* [Data provided]:

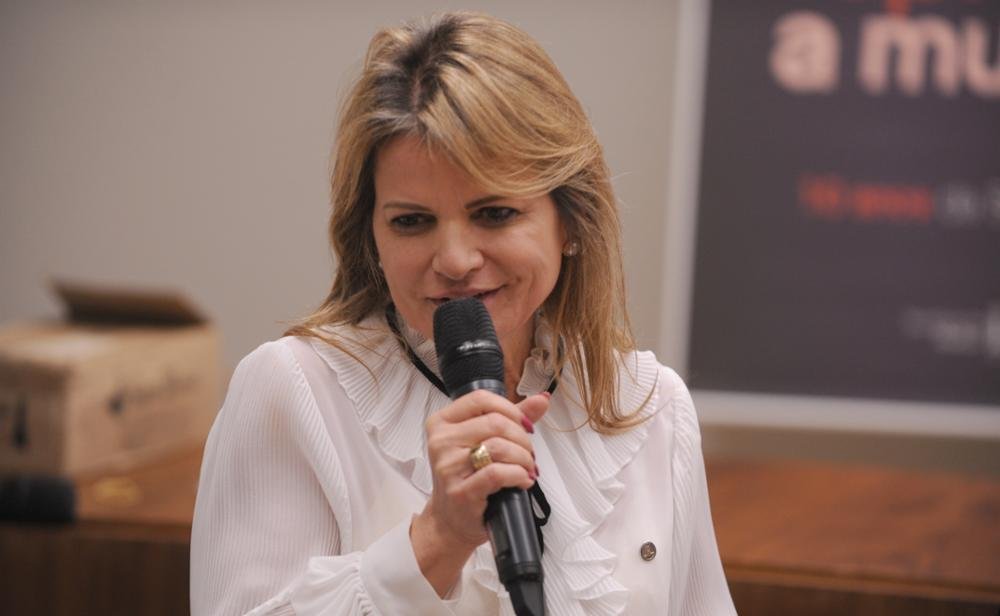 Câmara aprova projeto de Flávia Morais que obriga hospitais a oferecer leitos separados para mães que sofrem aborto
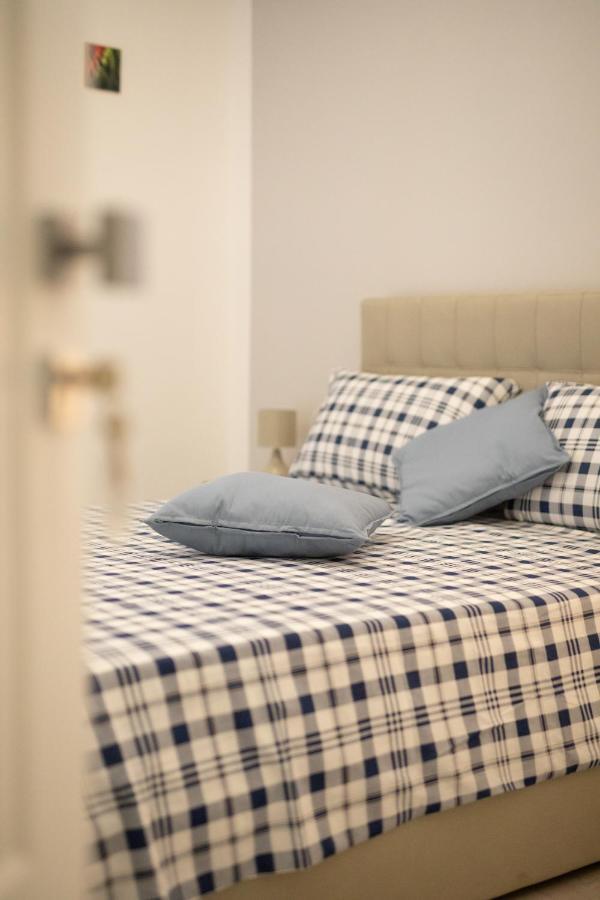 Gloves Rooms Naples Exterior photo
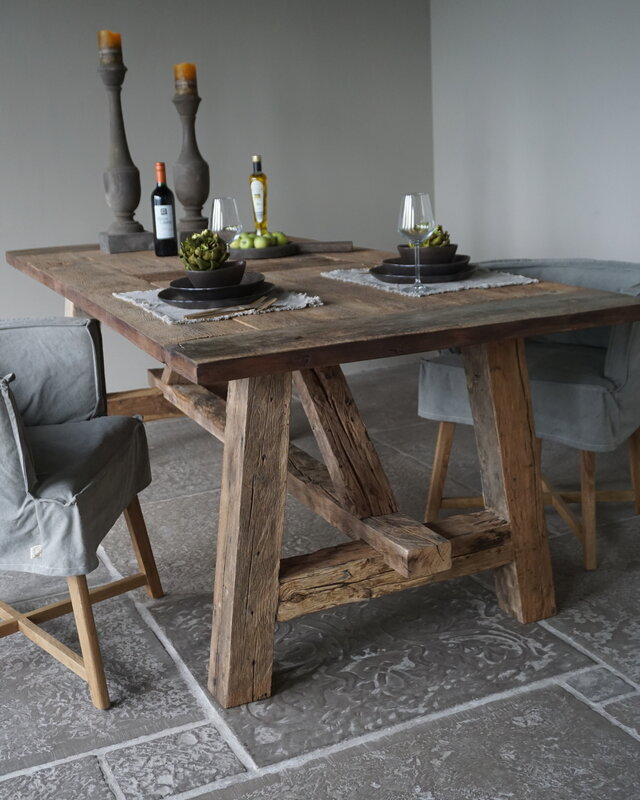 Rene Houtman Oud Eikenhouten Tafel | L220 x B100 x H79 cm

* [Task to complete]: Word for word, restate the material above; do not carry over the pictures.

* [Exercise output]:
 Câmara aprova projeto de Flávia Morais que obriga hospitais a oferecer leitos separados para mães que sofrem aborto
 Gloves Rooms Naples Exterior photo
 Rene Houtman Oud Eikenhouten Tafel | L220 x B100 x H79 cm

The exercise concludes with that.